To use this selection mechanism authors have to edit policies manually, i.e. it is impossible to define an expression using the MCS policy editors in the Mobile Portal Toolkit workbench. The expression element within a variant contains an expression. For example, assuming that devices are to be categorized by the width of the screen, it is not possible to use the pixelsx device policy directly as a category because the policy does not have a finite set of values. Therefore, expressions can be used on the variants to select a variant based on the device screen width.
<variable-policy
xmlns="http://www.volantis.com/xmlns/2011/06/marlin-lpdm"
xmlns:xsi="http://www.w3.org/2001/XMLSchema-instance"
xmlns:rpdm="http://www.volantis.com/xmlns/2011/06/marlin-rpdm"
xmlns:struct="http://www.volantis.com/xmlns/2005/10/ThemeStruct"

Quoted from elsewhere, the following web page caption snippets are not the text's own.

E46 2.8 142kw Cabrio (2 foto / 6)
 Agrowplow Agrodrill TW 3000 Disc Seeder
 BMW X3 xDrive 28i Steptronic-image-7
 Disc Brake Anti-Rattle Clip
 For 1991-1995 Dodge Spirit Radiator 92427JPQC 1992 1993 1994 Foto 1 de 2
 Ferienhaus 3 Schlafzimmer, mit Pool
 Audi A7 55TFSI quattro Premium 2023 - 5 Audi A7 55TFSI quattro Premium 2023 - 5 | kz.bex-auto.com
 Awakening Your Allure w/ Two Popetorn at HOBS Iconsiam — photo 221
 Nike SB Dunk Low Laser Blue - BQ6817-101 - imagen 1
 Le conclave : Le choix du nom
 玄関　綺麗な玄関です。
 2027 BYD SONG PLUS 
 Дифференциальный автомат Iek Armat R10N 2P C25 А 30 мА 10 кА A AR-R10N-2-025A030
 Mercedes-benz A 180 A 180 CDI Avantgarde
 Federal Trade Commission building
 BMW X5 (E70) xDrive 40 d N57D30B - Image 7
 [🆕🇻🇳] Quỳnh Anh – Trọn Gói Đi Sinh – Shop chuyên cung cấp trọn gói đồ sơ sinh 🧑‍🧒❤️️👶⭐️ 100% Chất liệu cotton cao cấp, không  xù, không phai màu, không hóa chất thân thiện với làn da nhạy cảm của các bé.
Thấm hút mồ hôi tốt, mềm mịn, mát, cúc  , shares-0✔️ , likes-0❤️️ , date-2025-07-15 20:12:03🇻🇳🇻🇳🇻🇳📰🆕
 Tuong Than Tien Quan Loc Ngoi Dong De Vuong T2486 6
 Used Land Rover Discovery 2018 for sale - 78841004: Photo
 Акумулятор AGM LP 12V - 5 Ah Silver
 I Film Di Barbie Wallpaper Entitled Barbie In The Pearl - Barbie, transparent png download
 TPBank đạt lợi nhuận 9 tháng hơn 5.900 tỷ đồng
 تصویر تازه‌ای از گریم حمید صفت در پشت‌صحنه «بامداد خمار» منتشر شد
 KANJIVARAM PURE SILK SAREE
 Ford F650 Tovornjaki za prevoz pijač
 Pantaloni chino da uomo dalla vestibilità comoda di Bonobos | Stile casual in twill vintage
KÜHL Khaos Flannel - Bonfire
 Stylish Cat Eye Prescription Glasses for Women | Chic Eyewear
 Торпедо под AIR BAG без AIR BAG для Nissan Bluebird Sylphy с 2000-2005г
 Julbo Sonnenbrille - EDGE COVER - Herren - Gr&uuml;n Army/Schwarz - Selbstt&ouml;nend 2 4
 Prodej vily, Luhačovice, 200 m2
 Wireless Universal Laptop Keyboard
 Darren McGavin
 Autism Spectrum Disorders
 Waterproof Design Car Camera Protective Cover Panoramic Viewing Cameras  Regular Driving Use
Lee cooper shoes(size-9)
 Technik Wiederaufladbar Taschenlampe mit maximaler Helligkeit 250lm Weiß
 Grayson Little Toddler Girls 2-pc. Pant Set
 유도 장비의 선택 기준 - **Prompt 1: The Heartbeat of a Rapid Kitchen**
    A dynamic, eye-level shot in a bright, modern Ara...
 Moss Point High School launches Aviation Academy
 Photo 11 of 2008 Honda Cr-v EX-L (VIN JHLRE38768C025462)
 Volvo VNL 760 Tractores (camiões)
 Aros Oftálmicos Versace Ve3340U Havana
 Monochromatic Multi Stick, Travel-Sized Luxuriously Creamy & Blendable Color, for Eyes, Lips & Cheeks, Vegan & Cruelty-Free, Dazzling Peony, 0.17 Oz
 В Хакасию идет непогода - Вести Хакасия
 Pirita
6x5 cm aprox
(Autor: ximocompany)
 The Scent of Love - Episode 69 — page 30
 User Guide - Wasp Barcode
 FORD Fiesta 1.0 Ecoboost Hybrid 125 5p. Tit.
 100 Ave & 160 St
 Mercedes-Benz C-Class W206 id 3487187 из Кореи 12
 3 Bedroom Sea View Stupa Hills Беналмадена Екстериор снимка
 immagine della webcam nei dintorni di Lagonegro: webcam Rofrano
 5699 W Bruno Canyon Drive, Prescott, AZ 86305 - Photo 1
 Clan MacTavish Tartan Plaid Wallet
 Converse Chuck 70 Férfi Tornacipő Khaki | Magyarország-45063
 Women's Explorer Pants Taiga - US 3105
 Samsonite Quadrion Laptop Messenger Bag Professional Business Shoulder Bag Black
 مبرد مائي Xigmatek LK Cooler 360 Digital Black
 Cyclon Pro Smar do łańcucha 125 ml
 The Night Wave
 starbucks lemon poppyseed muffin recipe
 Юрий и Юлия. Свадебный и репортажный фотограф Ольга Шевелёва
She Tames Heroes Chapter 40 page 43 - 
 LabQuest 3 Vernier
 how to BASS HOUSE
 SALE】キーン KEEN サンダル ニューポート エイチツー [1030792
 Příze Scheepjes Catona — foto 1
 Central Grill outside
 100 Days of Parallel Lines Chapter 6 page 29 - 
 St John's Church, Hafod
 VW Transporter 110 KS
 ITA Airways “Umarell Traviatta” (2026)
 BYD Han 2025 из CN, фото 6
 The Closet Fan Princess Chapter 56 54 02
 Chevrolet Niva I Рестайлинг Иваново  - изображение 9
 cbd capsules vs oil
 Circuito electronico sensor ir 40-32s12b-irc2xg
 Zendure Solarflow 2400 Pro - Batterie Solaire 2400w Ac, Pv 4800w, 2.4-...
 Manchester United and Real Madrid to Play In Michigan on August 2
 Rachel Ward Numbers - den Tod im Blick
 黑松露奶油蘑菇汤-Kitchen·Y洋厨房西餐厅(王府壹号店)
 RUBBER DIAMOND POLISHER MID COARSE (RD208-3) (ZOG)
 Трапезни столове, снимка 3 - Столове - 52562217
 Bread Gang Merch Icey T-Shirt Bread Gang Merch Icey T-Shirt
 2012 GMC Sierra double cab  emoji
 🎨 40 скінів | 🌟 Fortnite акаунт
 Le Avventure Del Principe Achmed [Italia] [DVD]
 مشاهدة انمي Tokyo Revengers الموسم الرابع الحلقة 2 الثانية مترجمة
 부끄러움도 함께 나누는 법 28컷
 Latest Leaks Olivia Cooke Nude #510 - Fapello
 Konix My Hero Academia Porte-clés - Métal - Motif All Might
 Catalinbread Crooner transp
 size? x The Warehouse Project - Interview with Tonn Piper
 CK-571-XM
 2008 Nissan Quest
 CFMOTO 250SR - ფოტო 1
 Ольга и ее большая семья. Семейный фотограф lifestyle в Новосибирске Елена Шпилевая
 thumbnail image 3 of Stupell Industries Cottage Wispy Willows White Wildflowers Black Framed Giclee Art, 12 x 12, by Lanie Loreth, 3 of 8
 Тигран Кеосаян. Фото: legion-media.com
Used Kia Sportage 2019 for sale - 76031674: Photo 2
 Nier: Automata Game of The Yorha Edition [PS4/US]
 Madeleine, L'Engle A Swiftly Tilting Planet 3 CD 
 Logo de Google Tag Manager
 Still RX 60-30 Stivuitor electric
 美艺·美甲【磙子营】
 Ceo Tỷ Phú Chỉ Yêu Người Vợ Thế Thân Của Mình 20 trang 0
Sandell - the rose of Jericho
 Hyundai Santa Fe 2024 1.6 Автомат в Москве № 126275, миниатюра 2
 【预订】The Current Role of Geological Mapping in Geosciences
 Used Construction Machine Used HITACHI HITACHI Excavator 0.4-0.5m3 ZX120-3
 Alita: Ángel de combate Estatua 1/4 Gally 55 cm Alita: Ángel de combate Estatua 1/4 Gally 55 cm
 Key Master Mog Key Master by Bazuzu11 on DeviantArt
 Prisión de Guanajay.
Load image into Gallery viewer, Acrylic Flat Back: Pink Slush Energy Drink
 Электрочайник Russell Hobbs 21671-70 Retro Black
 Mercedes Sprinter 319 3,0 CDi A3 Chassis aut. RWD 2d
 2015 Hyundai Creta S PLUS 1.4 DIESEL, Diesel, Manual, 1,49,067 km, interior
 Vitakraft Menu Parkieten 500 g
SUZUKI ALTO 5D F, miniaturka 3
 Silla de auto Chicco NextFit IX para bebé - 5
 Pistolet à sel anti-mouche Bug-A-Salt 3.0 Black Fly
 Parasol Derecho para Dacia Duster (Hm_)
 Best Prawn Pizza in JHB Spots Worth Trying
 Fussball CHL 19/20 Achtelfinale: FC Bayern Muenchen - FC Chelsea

xsi:schemaLocation="http://www.volantis.com/xmlns/2011/06/marlin-lpdm
http://www.volantis.com/schema/2011/06/marlin-lpdm.xsd">
<type>script</type>
<variants>
<variant>
<type>script</type>
<selection>
<expression>device:policy-value('pixelsx') < 100</expression>
</selection>
<meta-data>
<script>
<encoding>javascript1.2</encoding>
<character-set>iso-8859-1</character-set>
</script>
</meta-data>
<content>
<embedded>
<data> some textual content 1 </data>
</embedded>
</content>
</variant>
<variant>
<type>script</type>
<selection>
<expression>device:policy-value('pixelsx') >= 100</expression>
</selection>
<meta-data>
<script>
<encoding>javascript1.2</encoding>
<character-set>iso-8859-1</character-set>
</script>
</meta-data>
<content>
<embedded>
<data> some textual content 2 </data>
</embedded>
</content>
</variant>
</variants>
</variable-policy>
Please note that different selection mechanisms can be combined together. MCS will check variants targeted at current device first, then variants targeted by category, then variants targeted by expression.